Leaving Volcano, go R up Ram’s Horn Grade towards Daffodil Hill (signed).  This is a serious 3-mile climb that’s a lot of 6-8% but never worse.  At Daffodil Hill, a tourist attraction (also clearly signed), you used to be able to walk among its tens of thousands of daffodils during blooming season, but it’s been closed “indefinitely” since 2019 because it became too popular and the area couldn’t cope with the crowds. 

At the intersection with Shake Ridge Rd., stay R., the road name becoming Shake Ridge Rd.  Daffodil Hill looks like the top of the climb, but around the corner is a long character-builder of a climb, then a fair amount of moderate climbing, all of it doable if you know it’s coming but spirit-crushing if you think the work is done. When Fiddletown Rd. comes in from the L., you’re done with the hard climbing for the day.  Take it and enjoy a wonderful, fast, easy, rollicking 10-mile descent through the prettiest of foothills foliage to Fiddletown.  This is my favorite road in the Gold Country.  It’s not all down—you’ll ride perhaps 10 rollers—but if you keep your speed high you can sprint up most of them.   It starts out fairly steep—35-mph steep—but soon moderates, and you’ll probably pedal the last miles, which is a kind of descending I love.  The scenery is the best on our loop (see photos at the end of this post).  The road surface is far from perfect (this is the Gold Country), but not so as to impair your pleasure significantly.

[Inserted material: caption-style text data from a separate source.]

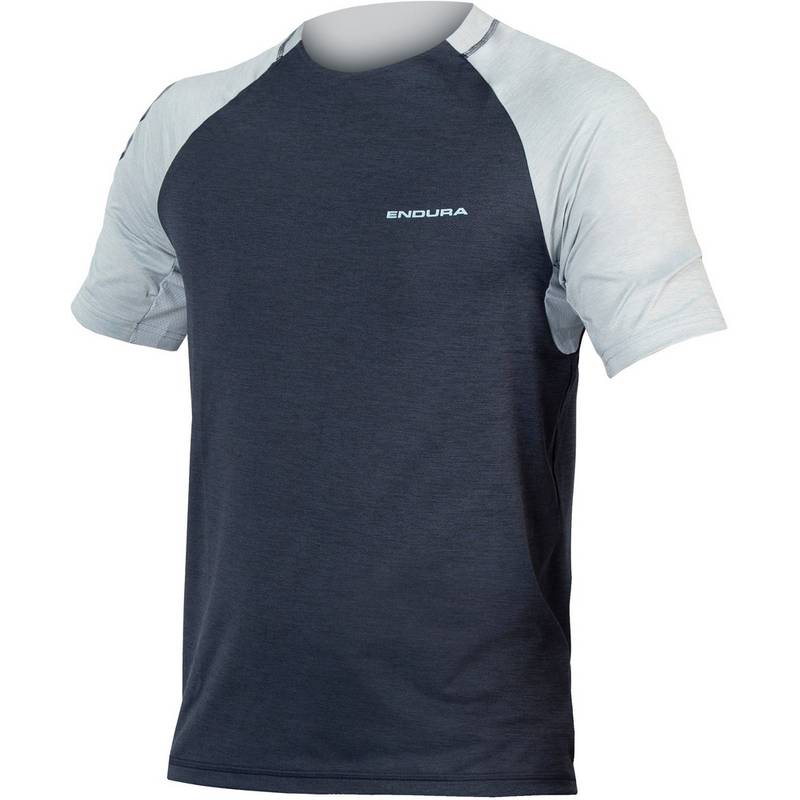 Endura SingleTrack Trikot Herren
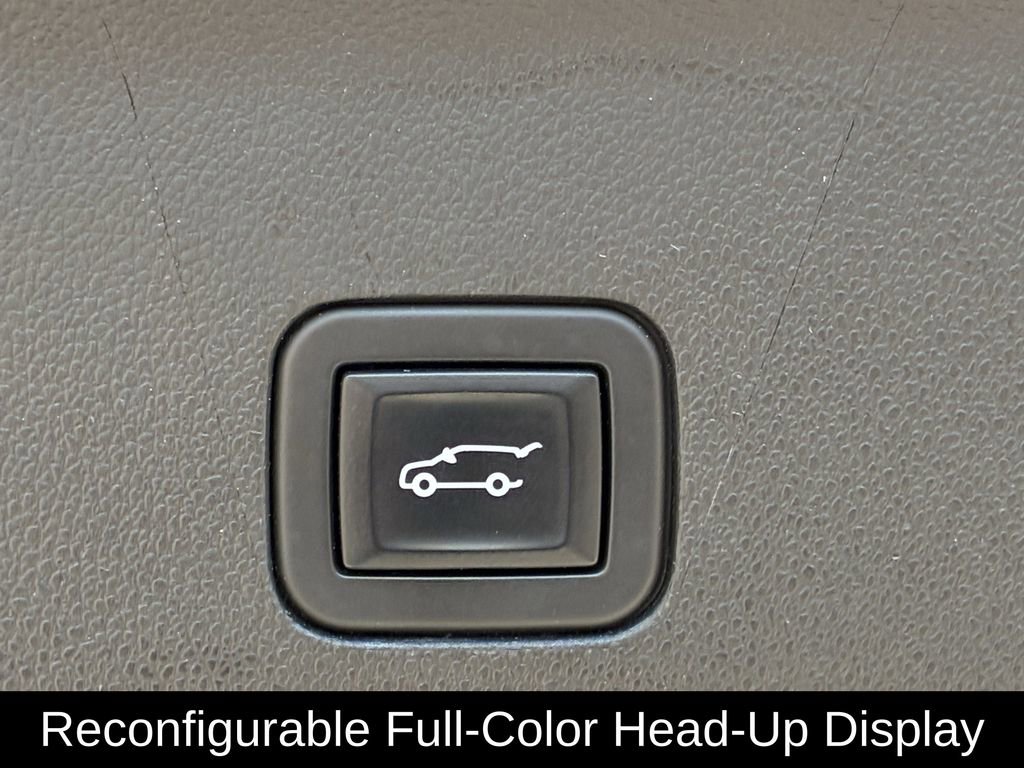 Used 2023 Cadillac Escalade ESV Sport Platinum w/ LPO, ONYX Package image 38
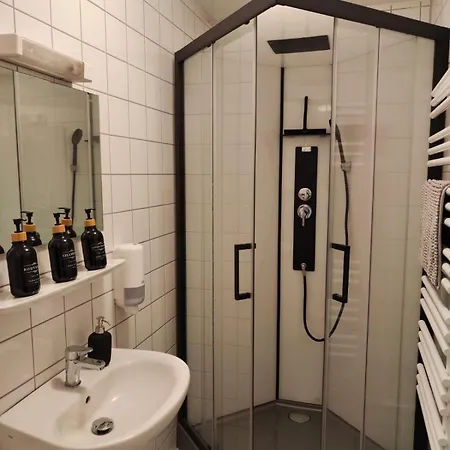 * Wohlfuehloase Koeln I * Appartement Buitenkant foto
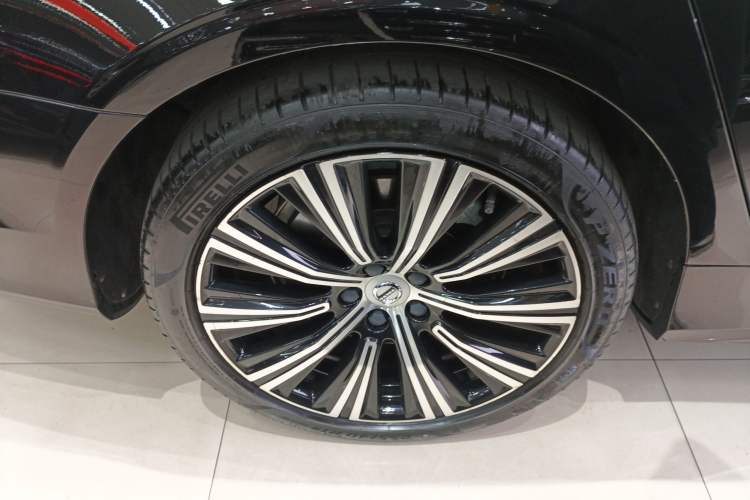 Used Volvo S90 2023 B5 Zhiyuan Luxury Edition Exterior 3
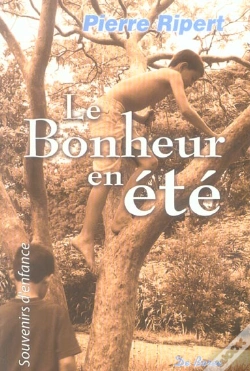 Capa do artigo Le Bonheur En Ete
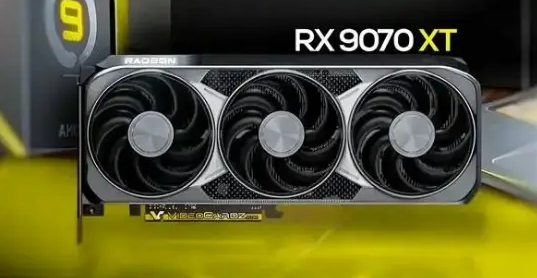 9070XT上市會不會掀起搶購潮？市場反應預測大揭秘！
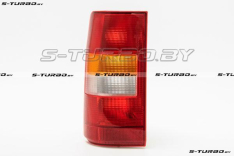 Задний фонарь (левый)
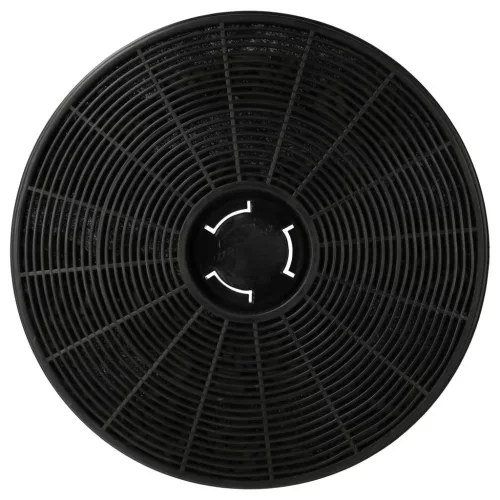 VHBW Klarstein 10035386 Aktivkohlefilter - 16 cm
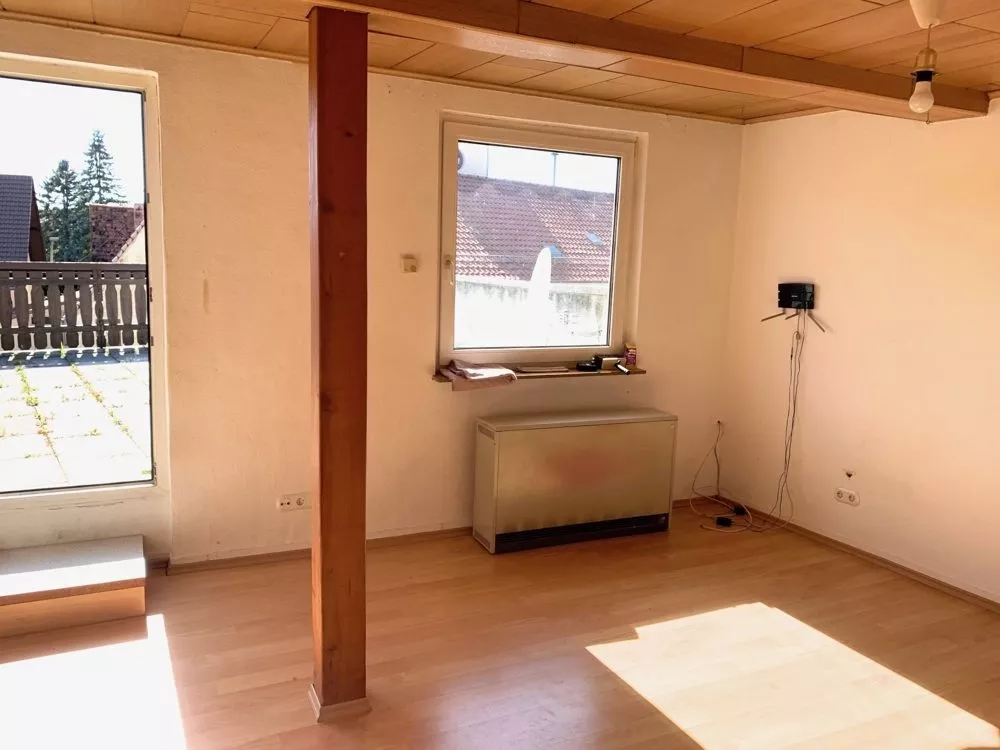 Immobilienangebot - Gerbach - Alle - Provisionsfrei - Sehr gepflegtes Ein- bis Zweifamilienhaus mit Garage, Garten und 3 Terrassen
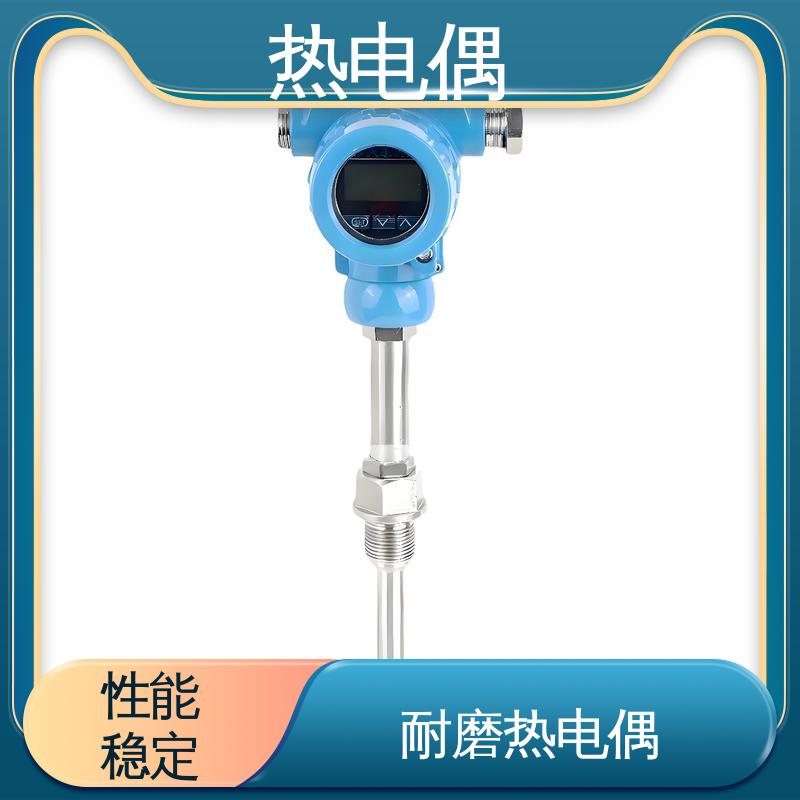 天康 WRNK2-391 铂铑热电偶 测温范围广 实力厂家 支持定制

Fiddletown itself is a very small, quaint cluster of houses and ramshackle stores that looks like a movie set of an old mining town.  The local historical society is active, and they’ve prepared a walking tour with accompanying pamphlet if you want to get off your bike and explore.  As far as I can tell there is no reprovisioning.

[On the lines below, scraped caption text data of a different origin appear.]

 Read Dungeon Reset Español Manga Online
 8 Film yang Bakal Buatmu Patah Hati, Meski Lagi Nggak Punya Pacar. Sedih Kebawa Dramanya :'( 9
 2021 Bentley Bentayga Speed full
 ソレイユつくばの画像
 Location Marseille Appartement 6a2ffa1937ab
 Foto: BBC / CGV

In Fiddletown we leave the 100-mile Sierra Century route and continue on the metric  Sierra Century route.  Stay on Fiddletown Rd. to Plymouth.   It’s less wonderful than what you’ve just done, but it’s still very good.  Just before Plymouth there’s a tiny, completely unexpected hill that gets up around 10% and guts you if you think all the climbing is over.

Plymouth used to be a sleepy intersection, but the wine business has exploded in the Shenandoah Valley, so money is moving is.  There’s a nationally-ranked restaurant in town, Taste, if you want to get off the bike for an extended repast, and a boutique hotel, Rest, if you’re done for the day.  Across the street from Taste on Main St. there used to be a wonderful foodie deli, the Amador Vintage Market, but it has folded and there is no place special I know of to eat.  The coffee deli down the block from Rest has a few sandwiches, and there’s a Mexican restaurant I haven’t tried (along with a modern supermarket) a stone’s throw to the south down Jackson Rd.

My route stops here.  Of course you have to get back to your car, though the roads between Plymouth and Ione vary from pleasant to tedious, so here’s a route.  Ride straight on through town and Fiddletown Rd. becomes Old Sacramento Rd.   The road surface on Old Sacramento is poor for a couple of miles, but it doesn’t last long and the road contour is fun.  Take it till it T’s at Hwy 16.  Go L on 16 (shoulder riding), then go R on Willow Creek Rd.  Ride WCR until it ends at Hwy 124; turn R onto 124 and take it into Ione.  If you’re planning on doing this entire loop, you might like to start in Plymouth, as the Sierra Century does, to make sure you’re doing the hottest part of the loop in the earliest part of the day.

Shortening the route: our long route includes two roads that make excellent out and backs: Sutter Creek-Volcano road, and Fiddletown Road from Fiddletown to Shake Ridge.  SCV meanders sweetly along a pretty little creek, so it gets points for beauty, but the pavement is fairly rough, so the return ride is less than ideal.  FR is pure joy both ways —21 miles of gorgeous scenery (see the description above).  Both roads are easy to moderate pitches only, so you never suffer, and the road contour is constantly interesting.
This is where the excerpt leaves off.